Remove 100 microliters of the supernatant from each well. Immerse a puncher in 100%ethanol, flame it, wait for one minute for the puncher pins to cool, and then use the sterile puncher to resuspend the pellet. Transfer cells onto SD tryptophan and lucine drop out auger plates.
Incubate the plates at 30 degrees Celsius for two days. On the afternoon of day five, retrieve the auger plates from the incubator. Fill each well of the sterile 96 well u-bottom mixing plate with 50 microliters of TE.Prewet a sterile puncher in TE, punch the colonies from the SD tryptophan and lucine drop out plate, and resuspend them in the TE filled plate.
Transfer the colonies onto new SD tryptophan and lucine drop out auger plates, for optimal surface coverage. Incubate the plates at 30 degrees Celsius for 2 days. On the afternoon of day 7, retrieve the auger plates from the incubator.
Fill each well of a sterile 96 well u-bottom mixing plate with 50 microliters of SD tryptophan and lucine drop out medium. Fill each well of a sterile 96 deep well block with 180 microliters of SD tryptophan and lucine drop out medium. Sterilize the puncher, prewet the puncher and medium, and transfer colonies from the plate to the wells that each contain 50 microliters of medium.
Transfer 20 microliters of yeast to the 180 microliters of SD tryptophan and lucine drop out medium. Seal the block with a breathable seal, and incubate at 30 degrees Celsius with shaking for 36 hours. On the morning of day nine, transfer 100 microliters of culture to 500 microliters of YPDA medium in a sterilized 96 deep well block.
Cover with a breathable seal and incubate at 30 degrees Celsius with agitation at 200 rpm for three to five hours. After three to five hours, resuspend the culture and transfer 125 microliters from each well to a spectrophotometer plate. Measure the optical density at 600 nanometers to ensure it is between 0.3 and 0.6.
Centrifuge the remaining cells in the deep well block at 3000 times G and 21 degrees Celsius for 10 minutes. Remove the supernatant by inverting. Add 200 microliters of Z buffer to each well and vortex.
Centrifuge at 3000 G and 21 degrees Celsius for five minutes. Remove the supernatant by inverting. Add 21 microliters of Z buffer to each well and vortex.
Cover the plate with sealing foil that is resistant to freeze thaw cycles. In a fume hood, perform 4 cycles of freeze/thaw using liquid nitrogen and a 42 degree Celsius water bath. Add 200 microliters of freshly prepared Z buffer beta mercaptoethanol ONPG solution to each well.
Incubate at 30 degrees Celsius for 17 to 24 hours or until color develops. On the morning of day 10, check that the color has developed. Add 110 microliters of one molar sodium carbonate to each well to stop the reaction.
Record the time and vortex the plate. Centrifuge at 3000 times G and 21 degrees Celsius for ten minutes. Use a multichannel pipette to transfer 125 microliters of supernatant from each well to a spectrophotometer plate.

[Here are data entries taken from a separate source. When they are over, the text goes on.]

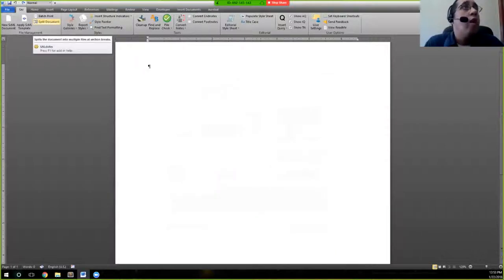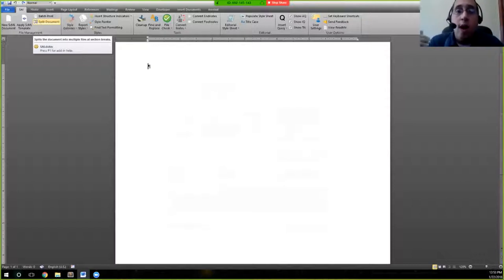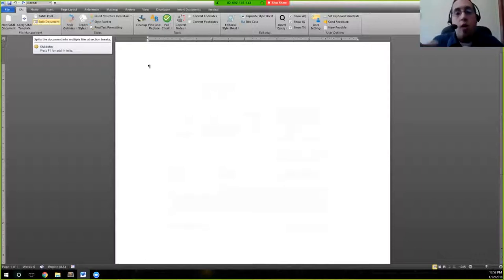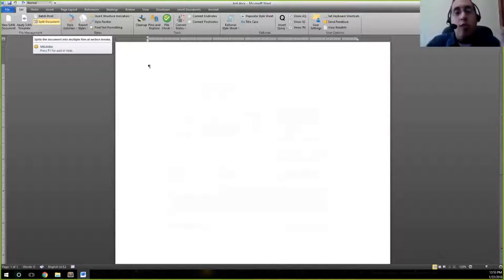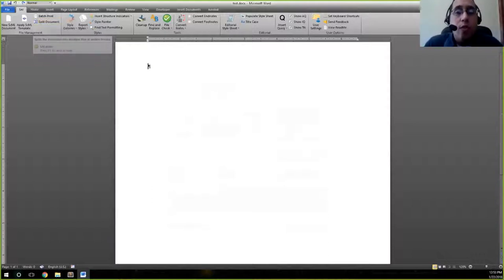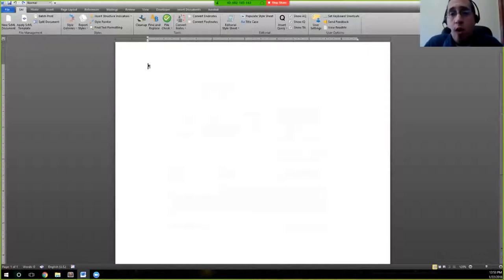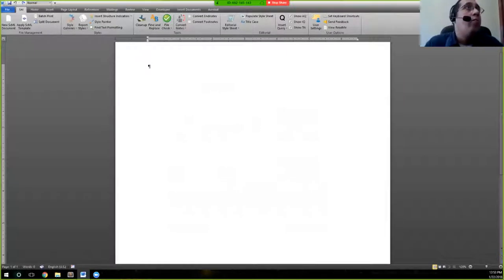Split document allows you to split the document at different section breaks. So for example, if you need to send a multi-author work and you have everything in one document, you can actually split this document throughout. So that way you have each individual chapter as a separate file and you're able to send that out to individual authors if necessary.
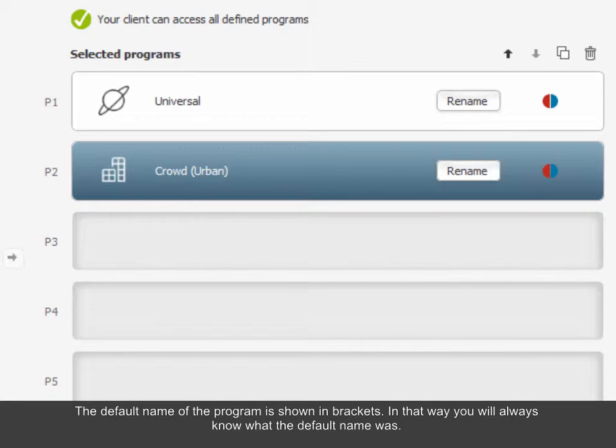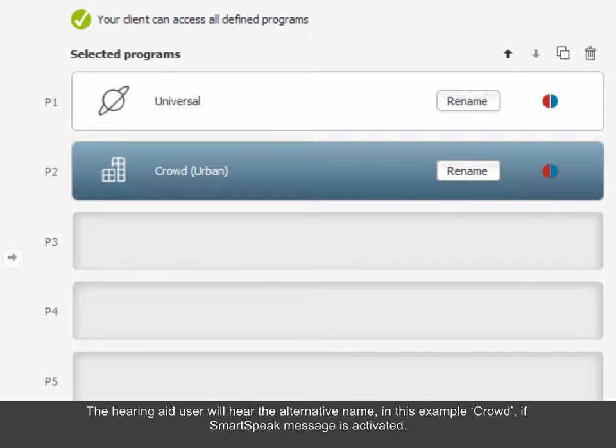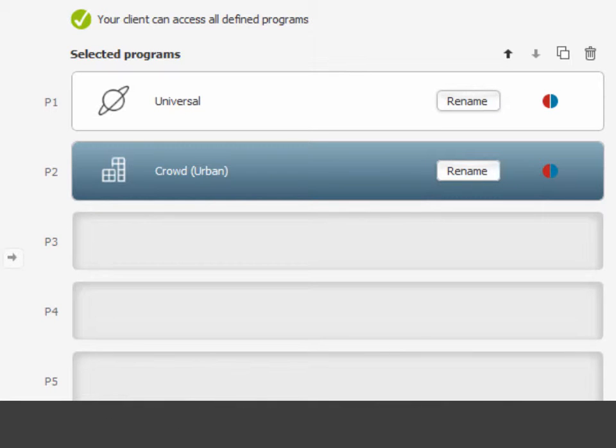In that way, you will always know what the default name was. The hearing aid user will hear the alternative name, in this example Crowd, if SmartSpeak message is activated.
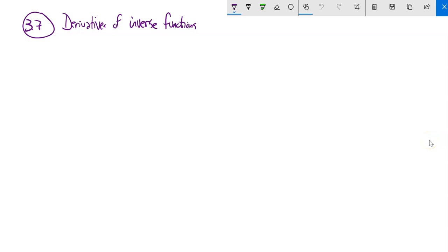This is Math 151 and things are going to get good now. We're going to talk about derivatives of inverse functions.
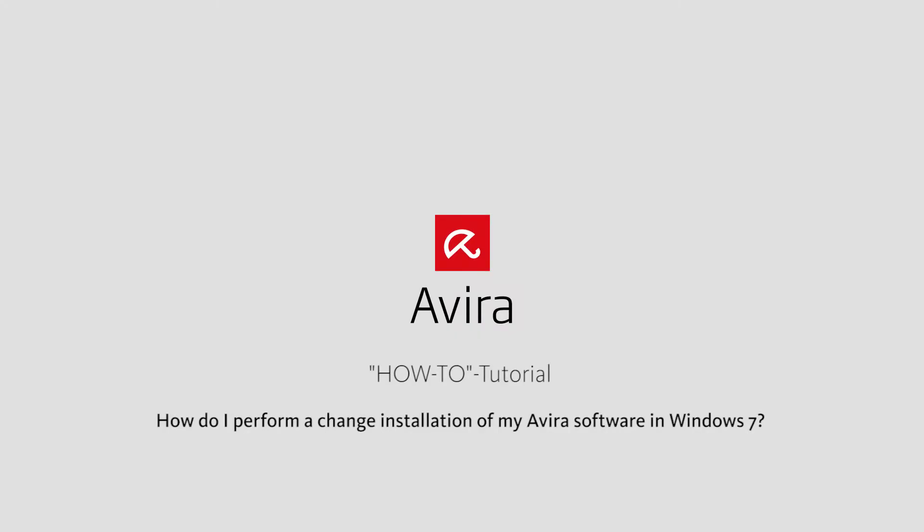Welcome to this video tutorial from Avira. It will show you how to perform a change installation of your Avira software. A change installation allows you to add or remove individual software components.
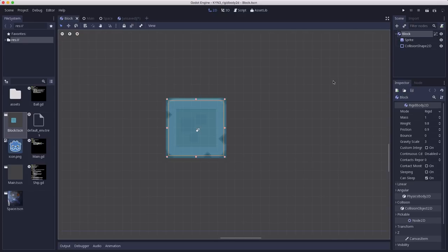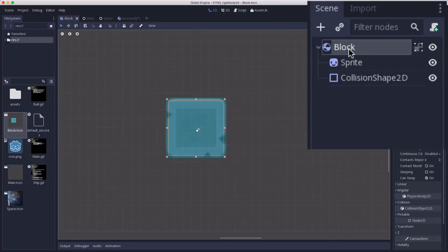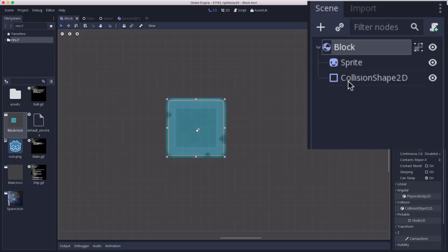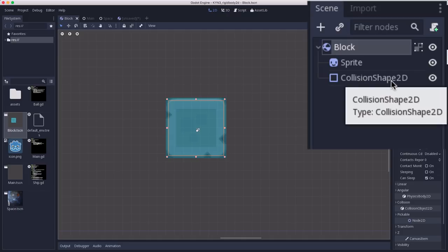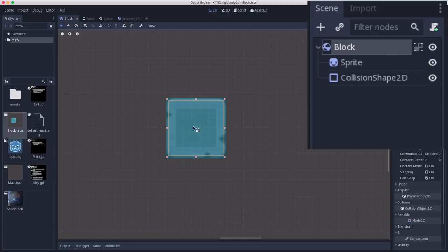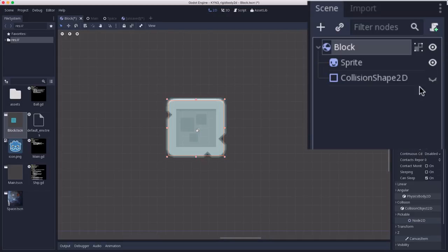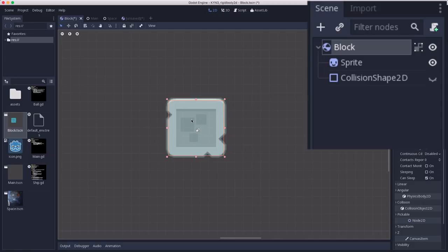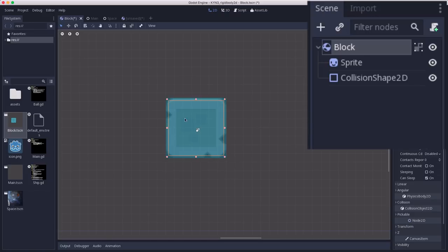For the blocks we're going to use, I've created a new scene here, and the block is a rigid body 2D and it has two children, a sprite, so we can give it a texture, and a collision shape 2D. All collision objects have to have a collision shape or they won't be able to collide with anything. I'm using an art pack from Kenny that is for physics and has lots of different textures and types of blocks. I've added a rectangular collision shape on top of it to outline it.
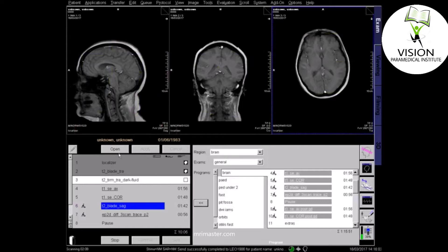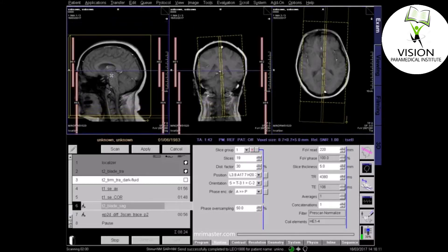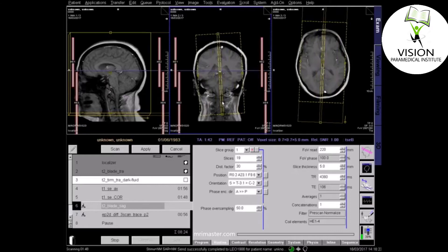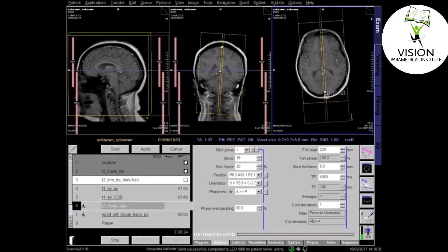Plan the sagittal sequence. Slices should run parallel to the midline of the brain. Make sure you cover the full width of the brain from side to side. Center to the midline on the axial view, and again cover from side to side.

Measure the optical density at 420 nanometers. Calculate beta galactosidase activity in a spread sheet as described in the text protocol. In this study, the promoter region of 2600 base pairs upstream from the start of the transcription start site was segmented into six regions or fragments.

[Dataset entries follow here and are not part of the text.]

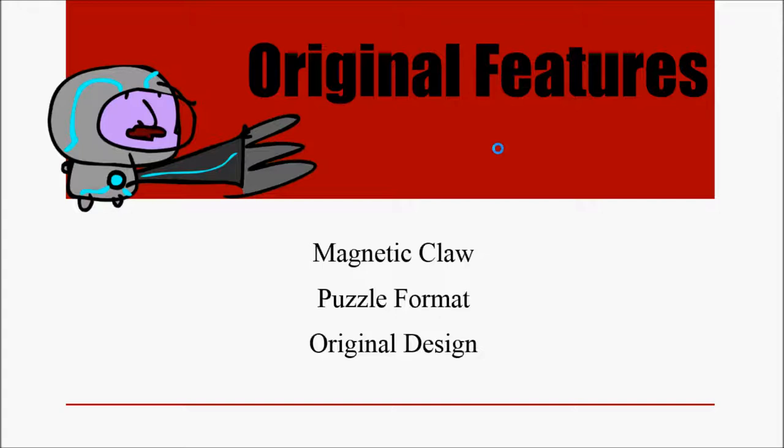From the original game we have sort of three main features that have stayed consistent throughout. A lot of the other things have changed quite dramatically. The first two, the magnetic claw and the puzzle format sort of intertwine as you use magnetic claw to get around the puzzles.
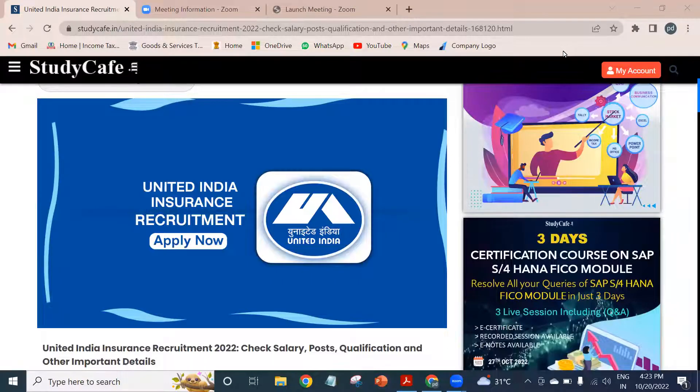Hello guys, welcome to Study Cafe's YouTube channel. We are going to talk about recruitment. In this video, we are going to talk about United India Insurance Recruitment.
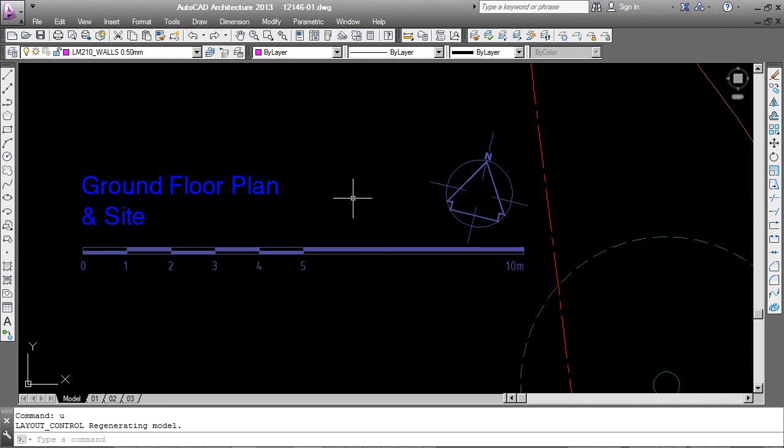This tutorial is about a command called change space, which is very useful for moving objects between model space and paper space.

This photo is an example of a well-grown and positive plate after day five of the protocol. In this representative result, DNA fragments one and four show positive interaction with the protein A and B complex. Upon the measurement of beta golactisidase activity, fragment one shows four fold induction of the reporter gene activity.

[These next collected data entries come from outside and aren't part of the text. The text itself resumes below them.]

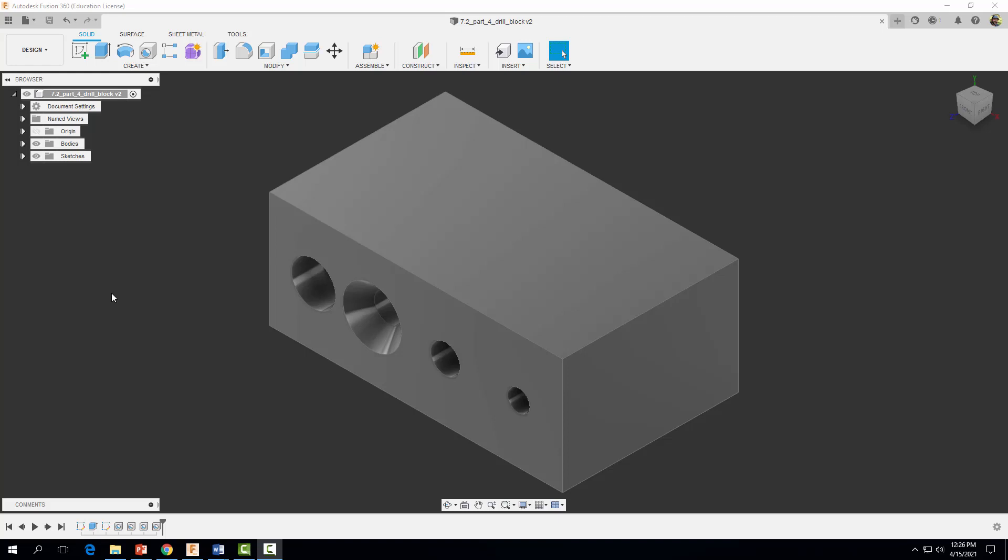Hey everyone, welcome back. In this video tutorial we're going to learn how to create a section view of our drill block, and we're also going to learn how to dimension it using chain dimensioning. So once you have your part file open, let's go ahead and get started.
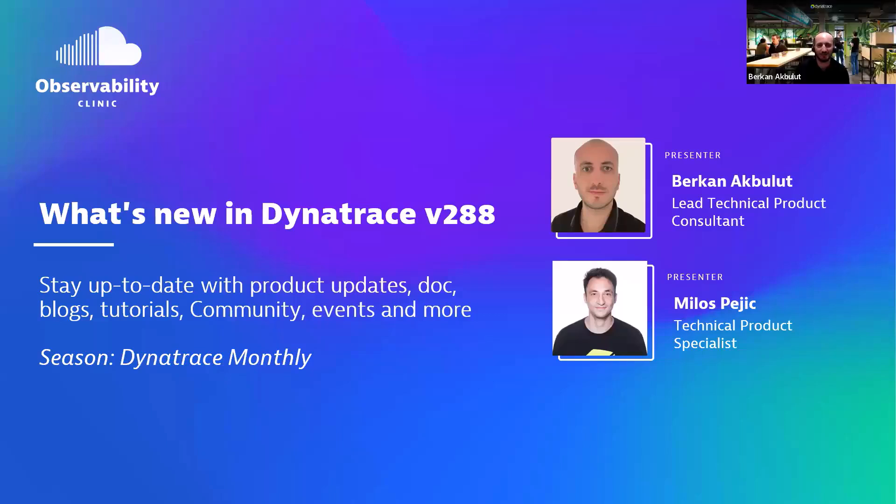Hi, everyone. Welcome to our new episode of What is the Dynatrace Observability Clinic series. As usual, we are here with Milos to go through platform features introduced in version 288. Hi, Milos. Great to see you again. How are you doing?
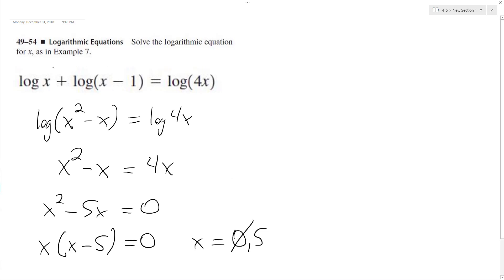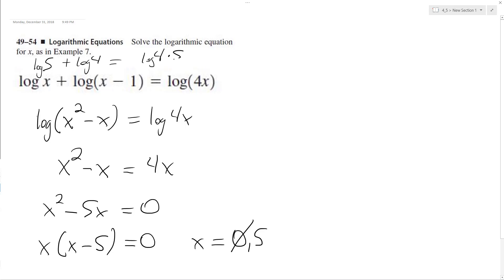But x equals 5, so log of 5 plus log of 5 minus 1, which is log of 4.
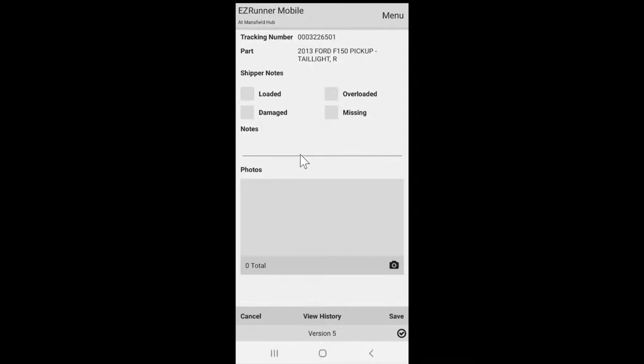Overloading is for the parts that cannot fit on your truck and will need to be sent with the next available load. You then can add a note or photo to be submitted with this part's tracking information.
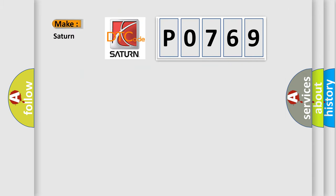So, what does the diagnostic trouble code P0769 interpret specifically for Saturn car manufacturers?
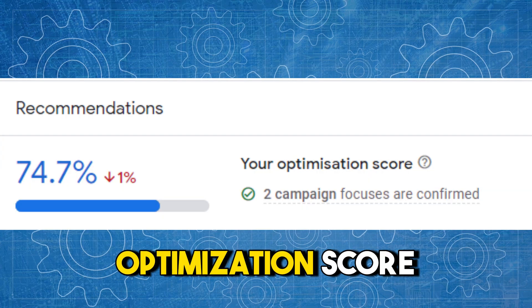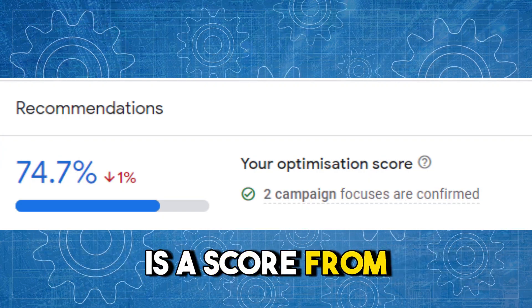The first thing to explain is that the Recommendations tab and the recommendations within it are tied directly to something called Optimization Score. Optimization Score is a score from 0% to 100% graded on your ability to stick to what Google wants you to do in your campaigns. Google want you to do a ton of things around automations and what they perceive as best practices, and the closer you follow this guidance, the higher your optimization score. That guidance is delivered through those recommendations.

It is important to remember that this procedure is recommended for obtaining information on DNA regions only after the confirmation of the proposed protein protein interaction and is not designed to provide information of target sites. Following this procedures, other methods, such as chip assay and Msar can be preformed in order to answer additional questions. For example, identifying the target sites in vivo.
After watching this video, you should have a good understanding of how to test and validate the role of multimeric protein complexes binding to a common DNA target.